**DATA**

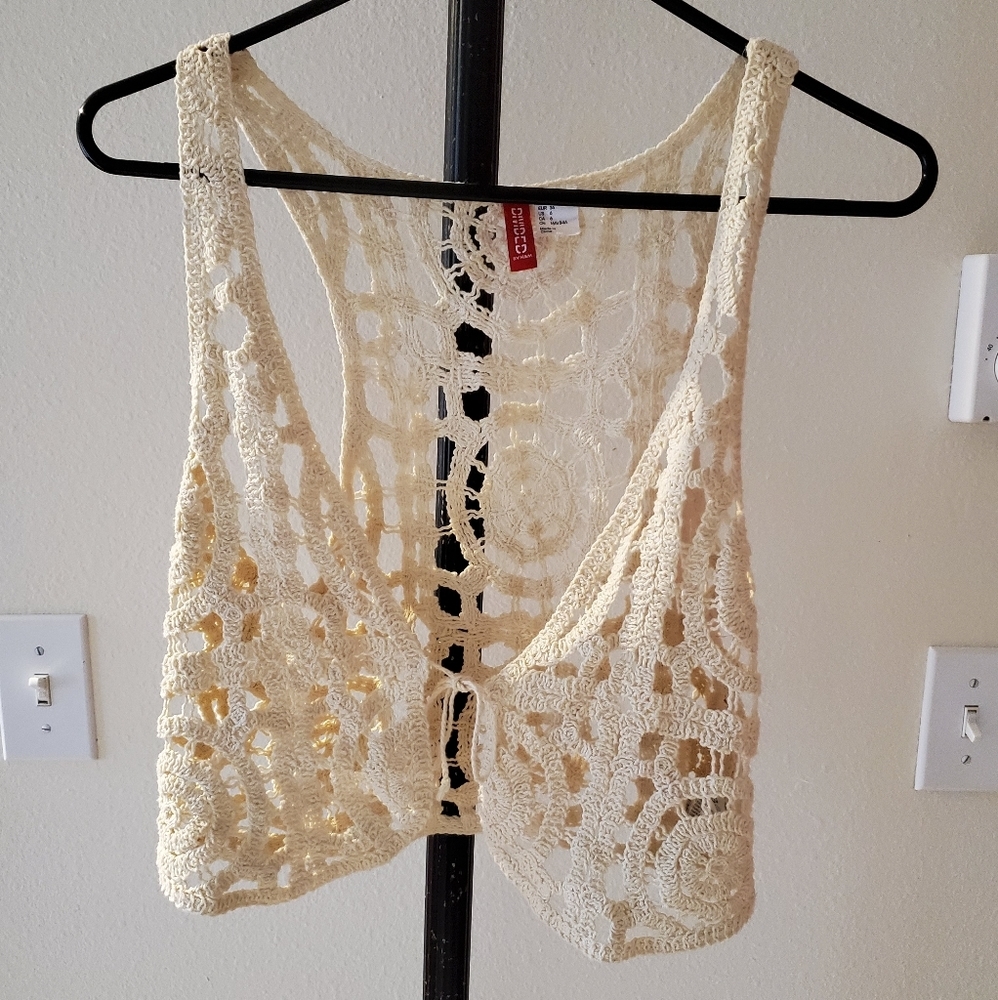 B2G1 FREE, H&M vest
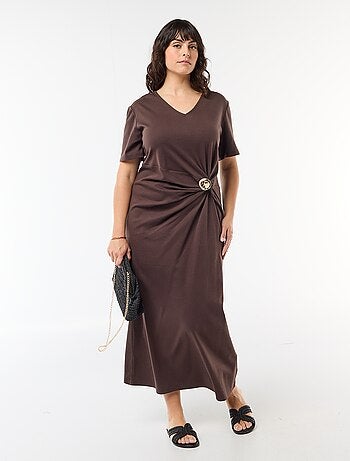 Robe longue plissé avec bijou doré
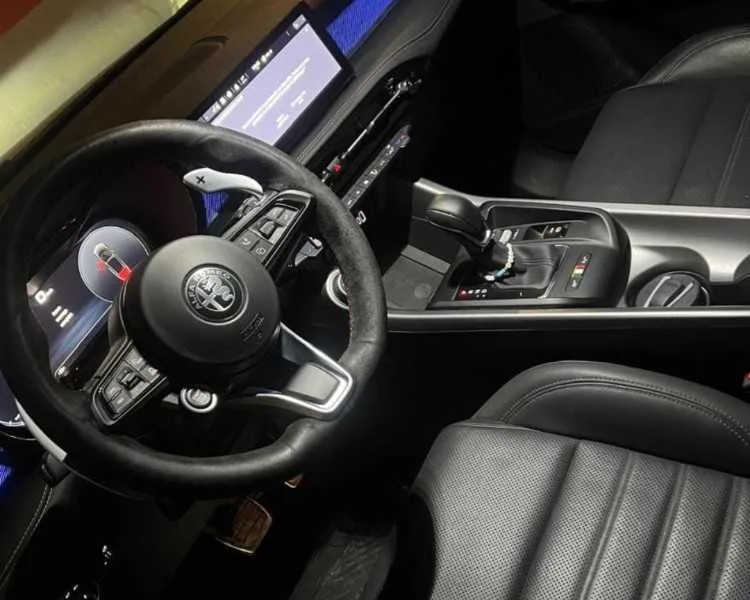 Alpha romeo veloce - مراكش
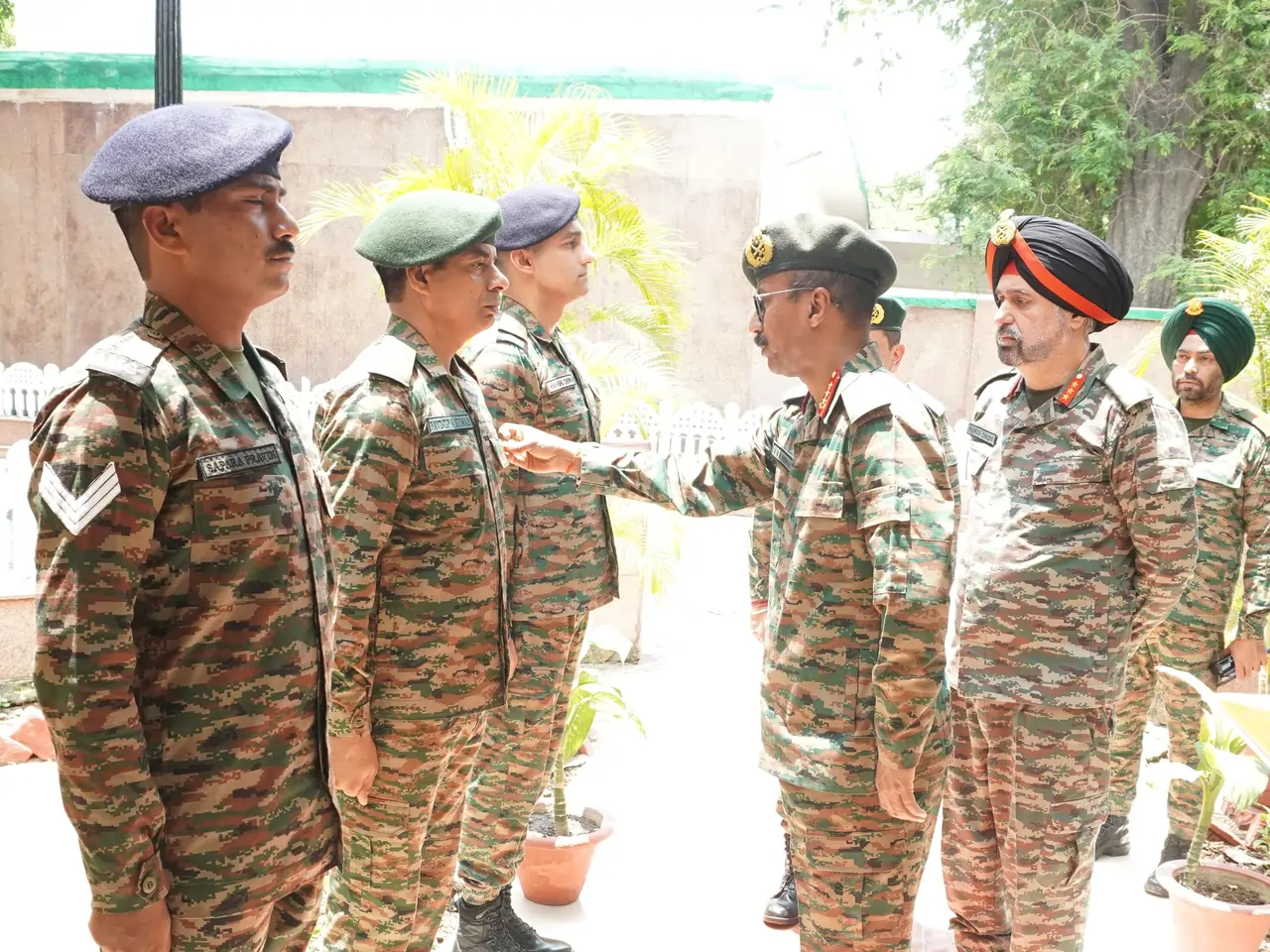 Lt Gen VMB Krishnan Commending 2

**REQUIREMENT**
From the listing, extract all text exactly as given and drop any picture.

**SOLUTION FOR THIS PROBLEM**
 B2G1 FREE, H&M vest
 Robe longue plissé avec bijou doré
 Alpha romeo veloce - مراكش
 Lt Gen VMB Krishnan Commending 2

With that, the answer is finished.